In Reply to: Re: Well paying jobs posted by David FG on January 25, 2010 at 10:22:
: : : : The American Petroleum Institute (API) has a series of television ads where the spokesperson talks about "well paying jobs." See http://www.api.org/aboutapi/ads/ To my ear that phrase sounds incorrect. "Good paying jobs" sounds correct. Recently U.S. President Obama used "well paying jobs" in a televised speech. Anyone have any comments?
: : : Neither sounds quite right to me. I would say 'well-paid jobs'.
: : : DFG
: : To a grammar stickler, "good paying jobs" can only be good jobs that also happen to pay (unlike good non-paying jobs) since good is an adjective it must modify jobs and not paying. Well-paid jobs sound like they're over and done with to me. I did the job and was well paid. Now what am I going to do next week?
: I see your point, but 'well-paid jobs' is firmly idiomatic, I think.

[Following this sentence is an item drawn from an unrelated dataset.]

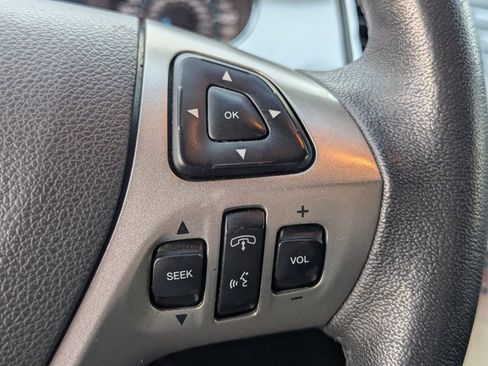 Used 2016 Ford Taurus SEL image 17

: 'There are still well-paid jobs to be had in the banking sector' would be, in my opinion, a perfectly unexceptionable sentence and one that would be familiar to most Eastpondians at least.
: DFG
["Well paying jobs" comes about because speakers are trying to avoid the awkward manoeuvre of inserting "jobs that pay well" into a sentence. I note with a sigh that sentences on the topic of the availability of jobs come with a great array of hedges and qualifications. Spokespersons (or their ghostwriters) lack the patience to fuss with a lot of clauses in "that" or "which" : thus, "well paying jobs" and other compressed jargon. - Bac.]